Chercheur de réputation internationale (plus d’une centaine d’articles publiés et trois brevets déposés), Merouane Debbah est diplômé et titulaire d’un Phd en « Electrical Engineering » de l’Ecole Normale Supérieure de Cachan. Professeur à Supélec depuis 2007, il a collaboré auparavant, au sein des Laboratoires Motorola avant de rejoindre le Centre de Recherches en Télécommunications de Vienne où il a travaillé sur de nombreux projets européens. Il a ensuite intégré le département de Communications Mobile d’Eurecom. Pour Silicon.fr, il revient sur ses travaux et leurs applications futures.

Sur quoi portent vos travaux récompensés par le Prix Alain Glavieux 2011 ?
Mes travaux concernent le développement des réseaux MIMO (Multiple Input Multiple Output) flexibles. De manière surprenante, on peut montrer que la course au haut débit peut continuer en remplaçant la bataille du spectre (achat de plus de bande) par la bataille de l’espace (ajout d’antennes), ce qui est une opportunité unique pour développer l’économie numérique de demain. De manière plus concrète, je suis un spécialiste de la théorie de l’information, en particulier de la théorie des matrices aléatoires et de la théorie des jeux appliquées aux réseaux de télécommunications. Mes travaux sur la théorie des matrices aléatoires ont démontré les potentialités et limites des réseaux MIMO flexibles. Mes résultats démontrent que l’on peut repousser drastiquement la limite de Shannon en multiplexant de manière intelligente les données sur l’ensemble des antennes d’un réseau. Mes travaux sur la théorie des jeux ont permis de développer ces algorithmes intelligents et sont actuellement en phase de test.

Quelles en sont les applications concrètes potentielles ?
Les applications concrètes sont dans le domaine des réseaux denses sans fil reconfigurables « verts » (green small cell networks) permettant de multiplier le débit de la 4G par un facteur 10 tout en diminuant la consommation du réseau. Ces réseaux flexibles MIMO seront déployés autour de 2016 et commencent déjà à engendrer une bataille acharnée entre constructeur pour plusieurs raisons. La reconfiguration dynamique de ces réseaux permettra d’avoir des réseaux transparents et à faible coût. La puissance réduite de rayonnement électromagnétique est l’autre facteur déterminant qui attire les opérateurs avec les gains énergétiques qui en découlent.

L’obtention du prix a-t-il changé quelque chose dans votre carrière, vos recherches?
Le Prix Alain Glavieux est un prix très prestigieux qui honore une découverte exceptionnelle française dans le domaine du codage. Il est encore trop tôt pour savoir si ce prix va changer quelque chose dans ma carrière.
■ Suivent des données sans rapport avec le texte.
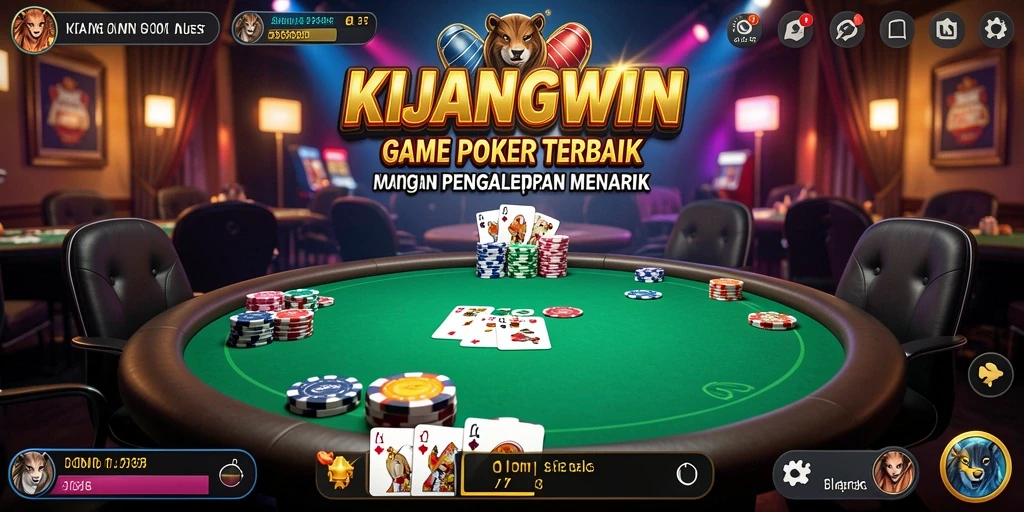 Tampilan gameplay Poker yang mendebarkan di KIJANGWIN.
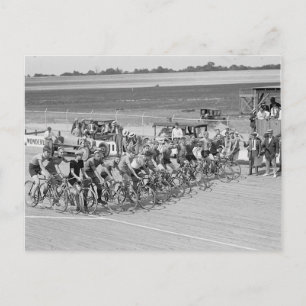 Carte Postale Course à vélo Laurel 1925 photo vintage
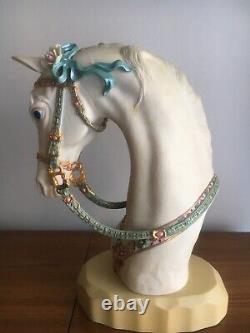 Cybis Porcelain Horse Head Satin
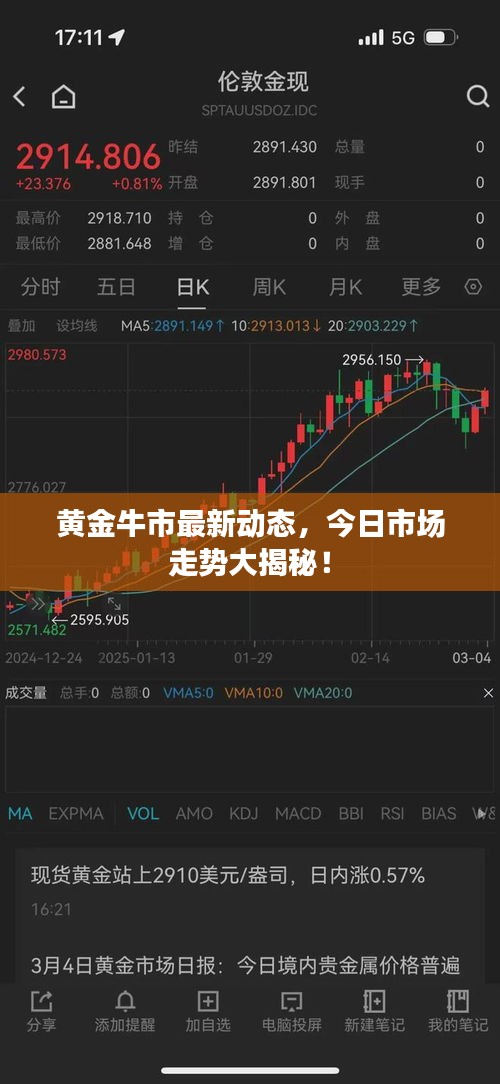 黃金牛市最新動(dòng)態(tài)，今日市場(chǎng)走勢(shì)大揭秘！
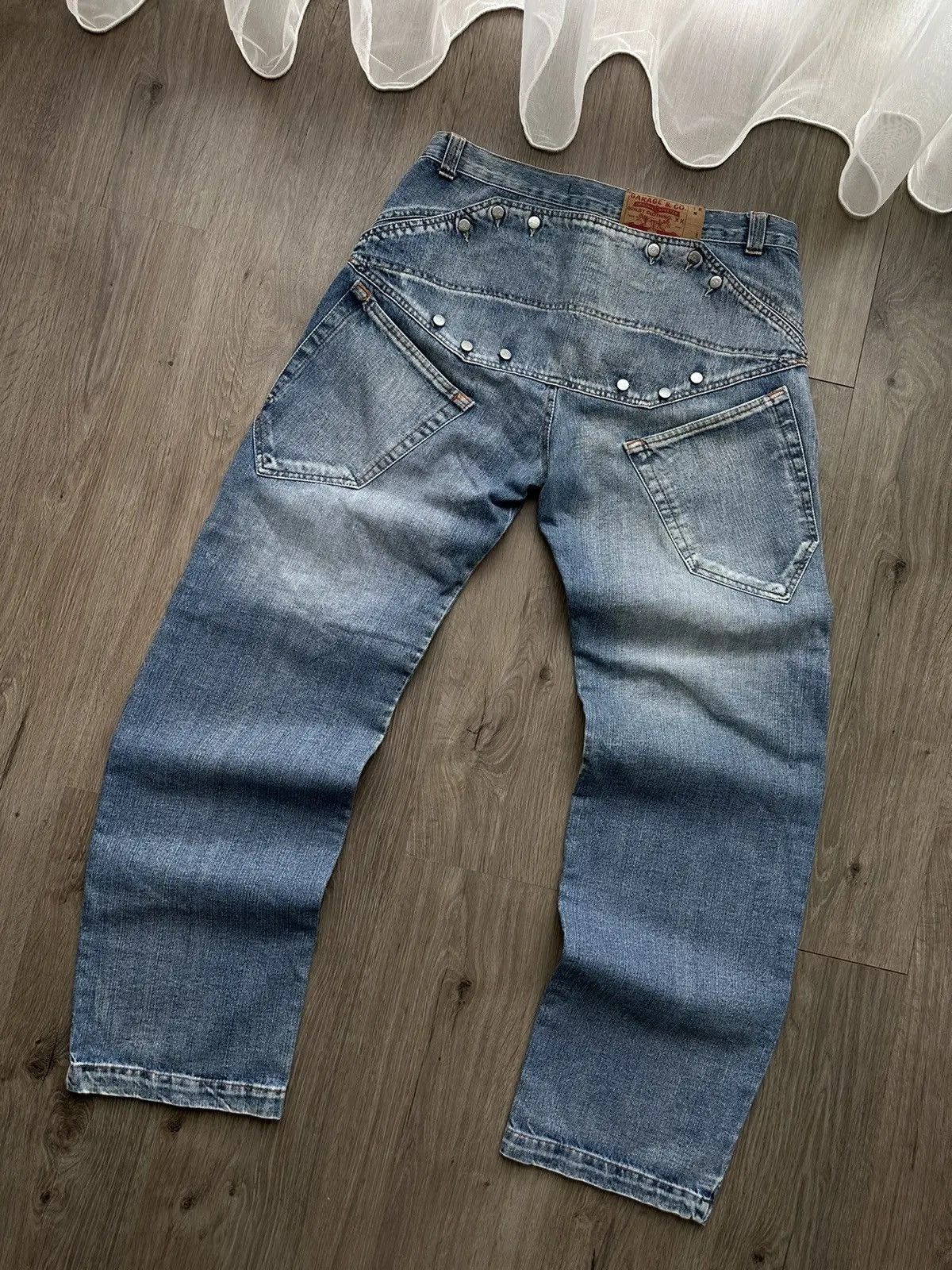Japanese Brand × Vintage Vintage Progressive Fuck It Denim Wear Cowboy Jeans Pants Size US 34 / EU 50 - 14 Thumbnail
Je suis par contre très ému par l’obtention du prix qui me met face à de nouvelles responsabilités pour continuer à promouvoir l’innovation et la recherche française dans le domaine des télécommunications face à une concurrence internationale de plus en plus accrue. De ce point de vue, il faut admettre que la France est bien placée et nous avons ici une occasion historique de mener la prochaine bataille des futurs standards. Contrairement à beaucoup de pays, nous avons l’avantage d’avoir une école de qualité formant des élèves, en sortie d’écoles d’ingénieurs, avec une forte capacité de manipuler/de traduire et de synthétiser en modèles mathématiques des concepts abstraits. Ceci est assez unique et fait la jalousie de beaucoup de nos partenaires. Ces derniers temps, la finance mondiale a jalousement accaparé le flux majoritaire de nos étudiants brillants mais il se trouve que les réseaux flexibles sont devenus une opportunité tout aussi importante pour eux d’exprimer leurs compétences. J’espère que ce prix pourra inspirer de nouvelles carrières dans ce domaine.